Lessons learned while building Solr Search for over 5 billion documents

10 min readMar 19, 2021

As an analytics solution, One of Big SMS providers in Saudi Arabia gathers vast amounts of data. To ensure they provide analytics data that effectively capitalize on the data they collect, They provide real-time search and analytics capabilities. To achieve this, I have chosen Apache Solr as the core search functionality.

It took much trial and error to achieve acceptable performance. In the process, I learned a lot, from which Amazon EC2 instance-type works best for us, to which simple query adjustments can improve query-time considerably. We want to share our experience, and we hope it will help you with your Solr-based project.

The target audience of this post is software developers who are already comfortable with the basics of Solr.

The data

The data we collect is largely comprised of messages interactions with text inputs, and how many parts the message is, Currently, They hold around 5 billion such messages, a number that is growing rapidly and is expected to accelerate given SMS Provider exponential growth.

The nature and characteristics of the data are important. In our case, the data possesses some characteristics that impact query performance and index size:

Each Solr document is pretty small.
Some fields have high cardinality (a measure of the ‘number of elements of the set;’ i.e., URLs and Text element selectors can be infinitely diverse).

Infrastructure

Hosting a large Solr index requires a sharding solution; we need to be able to split the data between several servers, and have the flexibility to add more servers easily.

A common open source product that fulfills this requirement is Solr Cloud.

Lessons we learned

Lesson 1 — Capacity planning

The first question that should always come to mind when starting a data cluster is: ‘What hardware should I use?’ This is known as the sizing question, or capacity planning. There is, of course, no magic formula; you will have to find your ideal hardware by estimation and monitoring, AKA trial and error.

Here are some metrics to consider as you experiment:

Indexing effort: How do your machines handle incoming documents? If your machines’ CPU usage levels are constantly high, it might be due to indexing strain.
Index-size-to-RAM ratio: A common recommendation is that you have more RAM than the size of your Solr index. We found this unnecessary, at least if you have SSD storage. Though our index size is about 500GB per server, and we have considerably less RAM than that, the performance is acceptable. A good starting point for RAM-sizing is 25–50% of your index size and SSD storage combined.
A number of documents per server: The more documents a server holds, the more work it has to do while executing a query and aggregating data. In our experience, a good number of documents per server is about 400 million. For really large data sets, you’ll need to watch out for the hard limit of two billion documents per Solr core.
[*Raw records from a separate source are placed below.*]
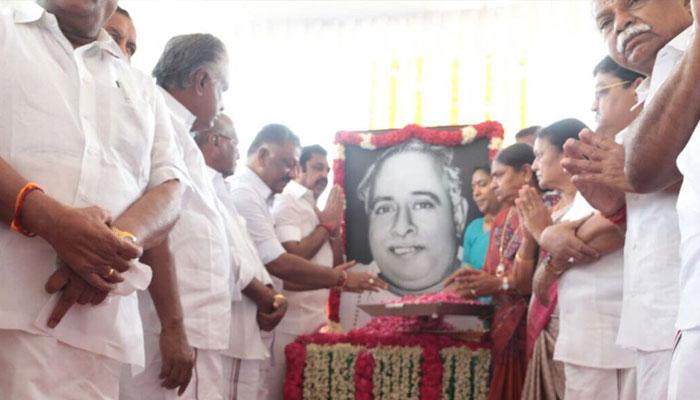 அண்ணா பிறந்த நாள்: முதல்வர், துணை முதல்வர் மரியாதை அண்ணா பிறந்த நாள்: முதல்வர், துணை முதல்வர் மரியாதை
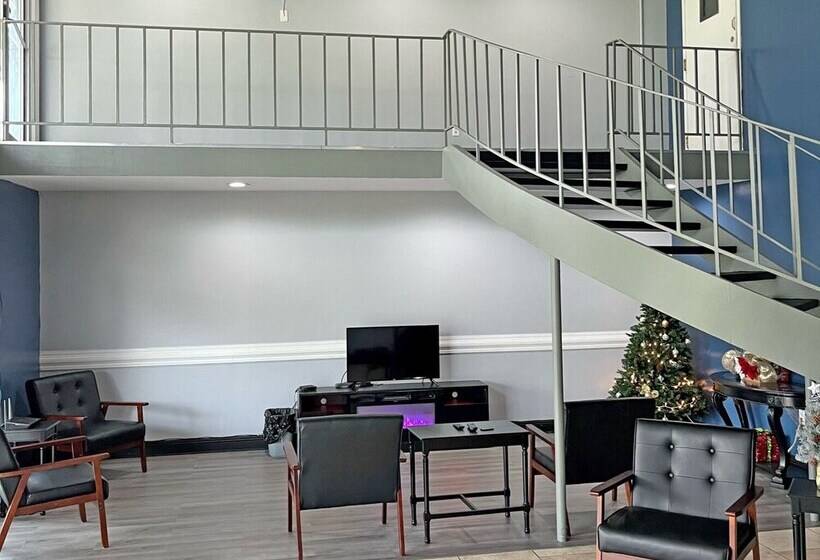 فندق Red Carpet Inn   Houma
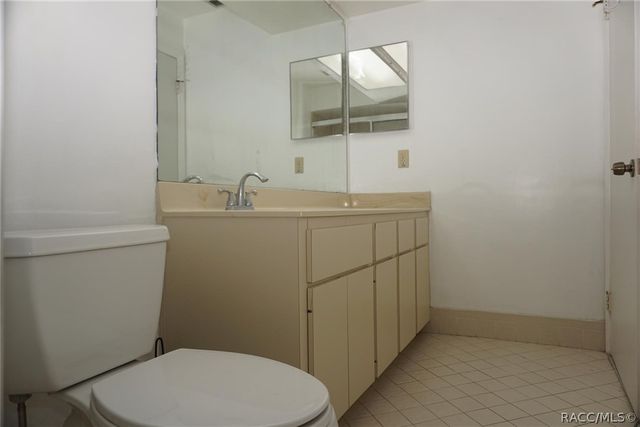 5985 W Croyden Circle, Crystal River, FL 34429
There are many metrics to look at. To collect them, we use Grafana and Prometheus.

Our current hardware

WalkMe currently has 6 Solr nodes hosted on Amazon AWS EC2. The instance type we chose is i3.4x-large, each with 16 cores, 122GB RAM, and a 3800GB SSD. We are actually considering downsizing to i3.2x-large, as some experiments show it might hold.

Tip: Before throwing hardware at your performance issue, try to figure out the root cause of your problem. There is a good chance you’ll find that your issue arises from incorrect Solr usage rather than insufficient hardware. In fact, some of the following lessons are exactly that: performance issues that were solved by changing code, not hardware.

Lesson 2 — Understand Solr query execution

Understanding Solr query execution can facilitate revelations about performance. Solr (due to its reliance on Lucene) has a somewhat unique way of performing a query: Most SQL databases will begin a query execution by hitting the index of a certain field and then scanning the results one item at a time to determine if the item fulfills the entire query. In Solr, there is no table scan phase. We can summarize a Solr query plan as follows:

Phase 1: Each clause of a query will hit the index of the queried fields.

Phase 2: All the results of phase 1 will be merged according to the boolean logic the query defines.

Let’s see what Solr would do with the following query:

q=(username: Bill AND country: KSA) OR (username: Steve AND country: UAE)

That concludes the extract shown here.